We may be stuck at home but that didn’t stop over 3000 enthusiastic AI experts from joining us for The Artificial Intelligence Festival on June 8-12.
We had some awesome presentations & product demonstrations but the fun didn’t stop there as our Slack channel was alive with Q&A.
We’ve pulled out some of the top questions and answers to share with the community. Check ’em out below…. And if you’d like to continue the conversation be sure to check out the #ai-questions channel on the AIAI Slack.
Gary Brown, Director of AI Marketing, Intel opened the festival with a bang 💥 and got us all thinking Can Accelerating AI at the Edge Help The World?
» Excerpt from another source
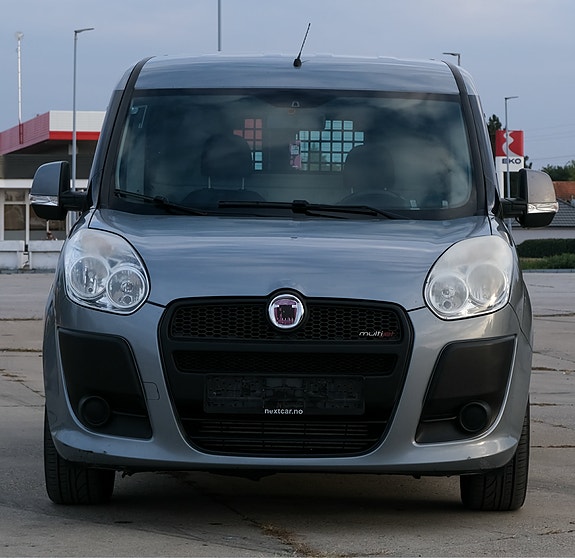 Fiat Doblo 2 of 13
Q. Is Intel in the process of integrating dedicated ML hardware into their CPUs? If so, will it be compatible with Tensorflow, and the usage will be similar to running a model on the GPU?
Yes, there are two ways we’re integrating ML acceleration into CPUs -- one is with Intel Xeon processors that support something we call DL Boost to handle DNNs more efficiently. And also, we have integrated GPUs in our Intel Core processors (like the ones in laptops/tablets but are also used in Edge AI applications like smart signage and edge servers doing camera analytics)... we can have a long conversation about this for sure. And our tools support common frameworks like TensorFlow - check out OpenVINO toolkit.
Gary Brown, Intel
Ajay Nair, Product Management Lead, Edge TPU, Google went on to talk about how and why Machine learning applications are moving towards local / Edge inference needs.
Q. Some of the reticencies against Machine Learning and AI is the carbon footprint residuals from training “big” models. How do these shifts take climate change into account in order to be eco-friendly?
AI training like any other compute, is essentially high performance compute. ML accelerators help perform the same compute at higher efficiency.. at lower power footprint. Also, running AI inference as close to the Edge as possible, help make moving data to the Cloud for inference unnecessary.. so a huge reduction in power footprint.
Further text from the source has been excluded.